For the bottom use either a large plastic tub (though you will have to make the cage to the size of the tub length and width wise) or get coroplast to make a coroplast pan, which depending on your area can be a bit expensive as well.

I know that some people on here probably have made PVC pipe cages for other animals on here, so hopefully they'll join in. Oh and welcome. if you do make it make sure to post on how it turns out.


----------



## HelloClarice (Feb 1, 2012)

wow that's really interesting.


----------



## Hikari (Feb 5, 2013)

I have a modified version of that cage for my sugar gliders. I wanted to make one like it for my rats but I was not sure how it would work since rats are/can be chewers and the hardware cloth is flimsy. Has anyone been successful with the hardware cloth (plastic mesh) and rats?

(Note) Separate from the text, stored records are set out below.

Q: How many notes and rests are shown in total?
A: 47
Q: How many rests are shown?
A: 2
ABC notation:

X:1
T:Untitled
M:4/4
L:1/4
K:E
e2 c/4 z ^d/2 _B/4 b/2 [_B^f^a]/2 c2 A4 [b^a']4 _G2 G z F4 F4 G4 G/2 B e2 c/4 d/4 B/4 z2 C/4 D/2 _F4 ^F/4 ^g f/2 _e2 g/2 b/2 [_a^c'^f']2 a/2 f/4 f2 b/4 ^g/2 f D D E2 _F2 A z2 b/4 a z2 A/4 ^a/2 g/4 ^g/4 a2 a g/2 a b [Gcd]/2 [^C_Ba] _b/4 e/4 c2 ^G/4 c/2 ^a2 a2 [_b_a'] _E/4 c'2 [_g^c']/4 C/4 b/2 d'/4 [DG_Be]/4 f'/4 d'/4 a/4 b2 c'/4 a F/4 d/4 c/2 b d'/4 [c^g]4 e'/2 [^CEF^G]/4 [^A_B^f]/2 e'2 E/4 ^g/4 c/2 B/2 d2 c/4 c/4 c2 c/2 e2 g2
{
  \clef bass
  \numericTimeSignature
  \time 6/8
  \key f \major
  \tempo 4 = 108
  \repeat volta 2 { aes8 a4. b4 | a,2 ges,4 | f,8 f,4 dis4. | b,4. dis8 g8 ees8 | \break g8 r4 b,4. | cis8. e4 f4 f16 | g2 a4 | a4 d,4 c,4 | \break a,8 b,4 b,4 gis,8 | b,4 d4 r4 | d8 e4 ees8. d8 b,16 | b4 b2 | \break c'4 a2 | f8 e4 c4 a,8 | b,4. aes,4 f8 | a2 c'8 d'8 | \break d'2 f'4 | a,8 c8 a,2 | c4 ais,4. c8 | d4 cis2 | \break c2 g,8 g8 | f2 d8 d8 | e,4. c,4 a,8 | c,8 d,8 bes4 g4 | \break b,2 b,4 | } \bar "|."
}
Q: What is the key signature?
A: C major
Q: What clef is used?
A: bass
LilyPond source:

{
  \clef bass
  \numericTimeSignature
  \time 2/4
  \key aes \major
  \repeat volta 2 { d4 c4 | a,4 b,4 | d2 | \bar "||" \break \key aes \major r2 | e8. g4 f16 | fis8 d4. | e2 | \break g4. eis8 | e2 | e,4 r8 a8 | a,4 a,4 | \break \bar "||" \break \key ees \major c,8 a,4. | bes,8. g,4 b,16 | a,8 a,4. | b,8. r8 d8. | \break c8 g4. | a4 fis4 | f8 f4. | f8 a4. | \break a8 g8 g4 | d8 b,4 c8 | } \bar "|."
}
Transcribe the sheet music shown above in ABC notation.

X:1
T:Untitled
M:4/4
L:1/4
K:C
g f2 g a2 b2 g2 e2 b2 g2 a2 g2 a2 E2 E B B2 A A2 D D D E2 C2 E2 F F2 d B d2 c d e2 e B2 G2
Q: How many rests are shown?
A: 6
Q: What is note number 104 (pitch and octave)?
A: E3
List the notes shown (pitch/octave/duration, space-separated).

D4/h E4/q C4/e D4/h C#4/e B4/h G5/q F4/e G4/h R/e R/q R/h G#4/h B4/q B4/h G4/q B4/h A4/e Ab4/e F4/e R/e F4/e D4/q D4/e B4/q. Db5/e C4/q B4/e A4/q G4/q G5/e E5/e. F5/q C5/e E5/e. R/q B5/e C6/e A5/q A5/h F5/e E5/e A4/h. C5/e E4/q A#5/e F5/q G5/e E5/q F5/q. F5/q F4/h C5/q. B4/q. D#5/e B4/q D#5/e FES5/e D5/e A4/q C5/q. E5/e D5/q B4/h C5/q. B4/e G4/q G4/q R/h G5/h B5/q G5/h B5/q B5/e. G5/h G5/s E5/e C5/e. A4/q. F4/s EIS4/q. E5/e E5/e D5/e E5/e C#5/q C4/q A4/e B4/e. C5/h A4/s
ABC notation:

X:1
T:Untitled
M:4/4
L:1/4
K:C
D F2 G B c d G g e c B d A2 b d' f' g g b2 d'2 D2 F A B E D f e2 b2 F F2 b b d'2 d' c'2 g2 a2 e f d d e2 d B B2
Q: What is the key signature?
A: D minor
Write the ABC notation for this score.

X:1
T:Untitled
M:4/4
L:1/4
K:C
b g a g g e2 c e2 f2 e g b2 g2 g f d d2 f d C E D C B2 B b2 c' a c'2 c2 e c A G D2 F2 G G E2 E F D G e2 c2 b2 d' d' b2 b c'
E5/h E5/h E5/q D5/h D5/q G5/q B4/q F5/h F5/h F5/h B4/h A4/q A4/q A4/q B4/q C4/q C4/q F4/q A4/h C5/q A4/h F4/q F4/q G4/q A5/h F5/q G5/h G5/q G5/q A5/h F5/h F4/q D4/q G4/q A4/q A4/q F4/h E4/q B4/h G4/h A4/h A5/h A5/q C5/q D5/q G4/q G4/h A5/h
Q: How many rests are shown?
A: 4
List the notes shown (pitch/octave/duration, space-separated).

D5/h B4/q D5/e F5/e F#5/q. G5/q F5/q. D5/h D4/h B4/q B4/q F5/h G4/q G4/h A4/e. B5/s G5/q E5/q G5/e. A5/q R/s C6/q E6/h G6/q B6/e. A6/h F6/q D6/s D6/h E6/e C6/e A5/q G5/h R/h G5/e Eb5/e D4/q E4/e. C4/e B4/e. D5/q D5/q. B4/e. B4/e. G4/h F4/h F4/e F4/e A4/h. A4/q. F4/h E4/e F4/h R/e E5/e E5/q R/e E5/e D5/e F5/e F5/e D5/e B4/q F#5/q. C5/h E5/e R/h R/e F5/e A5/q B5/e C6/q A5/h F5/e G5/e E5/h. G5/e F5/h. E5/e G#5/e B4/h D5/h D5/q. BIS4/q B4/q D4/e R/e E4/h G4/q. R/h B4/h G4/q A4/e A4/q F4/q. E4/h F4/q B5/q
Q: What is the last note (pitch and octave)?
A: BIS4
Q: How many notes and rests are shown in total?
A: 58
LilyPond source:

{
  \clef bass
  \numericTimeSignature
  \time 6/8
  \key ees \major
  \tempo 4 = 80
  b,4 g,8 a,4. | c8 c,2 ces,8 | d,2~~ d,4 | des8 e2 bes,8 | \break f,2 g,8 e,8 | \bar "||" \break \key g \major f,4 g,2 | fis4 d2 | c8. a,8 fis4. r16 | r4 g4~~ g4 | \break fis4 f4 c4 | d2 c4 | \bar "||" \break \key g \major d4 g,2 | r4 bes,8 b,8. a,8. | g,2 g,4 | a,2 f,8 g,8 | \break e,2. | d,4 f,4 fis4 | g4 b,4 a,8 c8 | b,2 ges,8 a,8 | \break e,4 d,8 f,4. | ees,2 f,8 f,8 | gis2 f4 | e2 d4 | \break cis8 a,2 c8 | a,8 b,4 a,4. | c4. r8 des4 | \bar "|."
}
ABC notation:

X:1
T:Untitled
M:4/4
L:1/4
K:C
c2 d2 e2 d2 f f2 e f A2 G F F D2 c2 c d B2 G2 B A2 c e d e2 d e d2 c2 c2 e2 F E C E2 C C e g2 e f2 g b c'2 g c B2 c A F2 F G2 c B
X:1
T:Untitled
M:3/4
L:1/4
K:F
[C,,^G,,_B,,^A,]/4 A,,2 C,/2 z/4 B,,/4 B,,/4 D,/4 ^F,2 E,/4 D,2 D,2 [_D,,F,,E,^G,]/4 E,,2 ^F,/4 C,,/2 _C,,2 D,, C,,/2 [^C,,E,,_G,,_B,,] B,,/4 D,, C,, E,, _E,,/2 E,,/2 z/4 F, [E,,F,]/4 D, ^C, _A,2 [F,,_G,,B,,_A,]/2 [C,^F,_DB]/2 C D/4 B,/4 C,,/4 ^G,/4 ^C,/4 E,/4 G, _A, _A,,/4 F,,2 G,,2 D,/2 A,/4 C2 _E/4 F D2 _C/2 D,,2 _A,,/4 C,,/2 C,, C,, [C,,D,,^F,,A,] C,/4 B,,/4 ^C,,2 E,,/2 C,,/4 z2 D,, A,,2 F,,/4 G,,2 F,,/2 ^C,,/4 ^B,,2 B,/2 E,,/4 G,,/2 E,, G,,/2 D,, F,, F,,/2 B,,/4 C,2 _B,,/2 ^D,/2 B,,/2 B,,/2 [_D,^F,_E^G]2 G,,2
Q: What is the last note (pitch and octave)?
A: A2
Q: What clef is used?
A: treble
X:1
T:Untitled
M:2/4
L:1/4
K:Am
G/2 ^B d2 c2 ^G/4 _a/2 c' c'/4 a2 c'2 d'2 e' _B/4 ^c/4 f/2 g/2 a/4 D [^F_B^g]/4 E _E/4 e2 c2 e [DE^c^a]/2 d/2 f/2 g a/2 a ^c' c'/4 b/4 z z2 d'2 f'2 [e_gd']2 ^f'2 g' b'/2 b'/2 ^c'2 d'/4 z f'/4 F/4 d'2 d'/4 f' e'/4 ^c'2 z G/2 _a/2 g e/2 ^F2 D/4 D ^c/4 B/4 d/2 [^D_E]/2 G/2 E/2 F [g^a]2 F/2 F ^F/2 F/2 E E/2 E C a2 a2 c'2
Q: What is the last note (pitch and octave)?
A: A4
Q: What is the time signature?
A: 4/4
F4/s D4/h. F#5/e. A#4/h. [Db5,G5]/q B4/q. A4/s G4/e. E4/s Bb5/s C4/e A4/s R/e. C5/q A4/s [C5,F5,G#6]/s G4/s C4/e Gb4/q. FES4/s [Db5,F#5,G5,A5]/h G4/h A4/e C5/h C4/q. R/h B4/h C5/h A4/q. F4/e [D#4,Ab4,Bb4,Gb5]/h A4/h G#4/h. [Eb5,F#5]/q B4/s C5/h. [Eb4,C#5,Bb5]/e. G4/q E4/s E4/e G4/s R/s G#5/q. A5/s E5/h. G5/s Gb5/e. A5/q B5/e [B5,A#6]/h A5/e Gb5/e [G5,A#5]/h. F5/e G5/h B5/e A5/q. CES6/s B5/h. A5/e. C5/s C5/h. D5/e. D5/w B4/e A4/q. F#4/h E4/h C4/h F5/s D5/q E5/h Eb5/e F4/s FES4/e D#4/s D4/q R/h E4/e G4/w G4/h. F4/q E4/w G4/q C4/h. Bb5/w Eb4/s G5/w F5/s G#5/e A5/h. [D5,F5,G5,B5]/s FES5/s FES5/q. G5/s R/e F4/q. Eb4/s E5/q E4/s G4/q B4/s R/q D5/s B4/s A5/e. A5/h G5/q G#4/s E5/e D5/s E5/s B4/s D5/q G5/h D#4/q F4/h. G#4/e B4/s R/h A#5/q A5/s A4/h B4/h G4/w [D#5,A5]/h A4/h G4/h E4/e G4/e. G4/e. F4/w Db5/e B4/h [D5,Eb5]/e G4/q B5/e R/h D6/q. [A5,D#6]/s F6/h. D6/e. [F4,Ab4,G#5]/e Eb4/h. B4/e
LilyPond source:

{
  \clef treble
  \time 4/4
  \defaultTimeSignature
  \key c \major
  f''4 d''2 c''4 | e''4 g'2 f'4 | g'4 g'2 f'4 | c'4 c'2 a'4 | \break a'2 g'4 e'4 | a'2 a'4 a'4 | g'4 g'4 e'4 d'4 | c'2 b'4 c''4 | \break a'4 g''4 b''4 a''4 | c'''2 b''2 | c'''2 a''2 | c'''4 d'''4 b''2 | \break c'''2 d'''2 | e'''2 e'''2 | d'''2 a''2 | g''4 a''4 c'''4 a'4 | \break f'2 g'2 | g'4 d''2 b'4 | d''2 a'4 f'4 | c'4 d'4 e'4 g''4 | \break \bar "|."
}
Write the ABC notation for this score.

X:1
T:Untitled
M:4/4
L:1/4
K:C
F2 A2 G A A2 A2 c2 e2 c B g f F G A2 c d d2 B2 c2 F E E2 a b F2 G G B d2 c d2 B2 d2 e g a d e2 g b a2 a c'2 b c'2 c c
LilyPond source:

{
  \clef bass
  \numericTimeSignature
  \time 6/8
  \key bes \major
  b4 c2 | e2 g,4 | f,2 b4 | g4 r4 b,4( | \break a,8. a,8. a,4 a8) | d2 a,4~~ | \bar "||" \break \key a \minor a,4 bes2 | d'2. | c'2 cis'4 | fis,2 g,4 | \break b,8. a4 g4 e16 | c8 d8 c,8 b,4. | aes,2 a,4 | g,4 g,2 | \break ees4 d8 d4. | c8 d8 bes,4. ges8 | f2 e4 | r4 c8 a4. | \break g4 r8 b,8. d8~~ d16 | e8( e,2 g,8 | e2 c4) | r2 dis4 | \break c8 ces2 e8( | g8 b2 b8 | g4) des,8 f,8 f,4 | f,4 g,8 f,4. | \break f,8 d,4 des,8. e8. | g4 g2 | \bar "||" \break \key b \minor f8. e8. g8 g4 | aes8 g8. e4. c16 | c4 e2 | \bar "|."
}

As for making shelves just cut the PVC where you want shelves and add T connectors to build in the shelf. Im really bad at explaining it I just kinda trial and error with my cage. 

If you do make this cage make sure to attach the hardware cloth on tight or else you will get stuck with sagging. I am planning on cutting off all the hardware cloth off my cage and redoing it for this reason. =/


----------



## PeachPeach (Jun 22, 2012)

We're still working on ours. It's a LOT of work to make a good one and not a big cost savings (we have to go buy some more elbows and another stick of PVC tonight, actually), as well as being quite difficult to get the elbows properly twisted before the glue sets. That said, you can have a lot of flexibility on the design. But for DIY cages there are some cheaper or easier to work with alternatives, or you can buy a Martin's cage for excellent space for the money.

I'm making a PVC cage, so obviously I think they have their upsides, but there are significant drawbacks as well!

We're attaching our hardware cloth with bolts and washers. Drilling into PVC is pretty easy and very secure.


----------



## Hikari (Feb 5, 2013)

Do you not worry about your rats chewing through the hardware cloth? That is the only thing stopping me from making one for my babies. 

I didn't use threaded PVC connectors or glue on mine it is super easy to put together, the hard part for me was the THOUSANDS of zip ties, my fingers were raw after I finished and thought about using pliers.


----------



## PeachPeach (Jun 22, 2012)

Hardware cloth here is galvanized or stainless steel, not plastic mesh. So no, I'm not worried


----------



## Hikari (Feb 5, 2013)

ahh..that makes more sense!  

When you get done I would love to see some pictures of it!


----------



## kueen (Feb 12, 2013)

Almost done with the cage I cant wait to post pictures. I can see the disadvantages already with PVC piping cage but I feel that it is well worth it! Thanks for the advice!


----------